### What is expected
Word for word, copy the entire listing.

### Supplied information

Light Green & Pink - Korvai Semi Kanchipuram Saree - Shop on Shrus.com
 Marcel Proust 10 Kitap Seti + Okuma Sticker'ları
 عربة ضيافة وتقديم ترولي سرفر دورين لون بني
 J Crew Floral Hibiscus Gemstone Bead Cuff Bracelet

### Completed exercise
Light Green & Pink - Korvai Semi Kanchipuram Saree - Shop on Shrus.com
 Marcel Proust 10 Kitap Seti + Okuma Sticker'ları
 عربة ضيافة وتقديم ترولي سرفر دورين لون بني
 J Crew Floral Hibiscus Gemstone Bead Cuff Bracelet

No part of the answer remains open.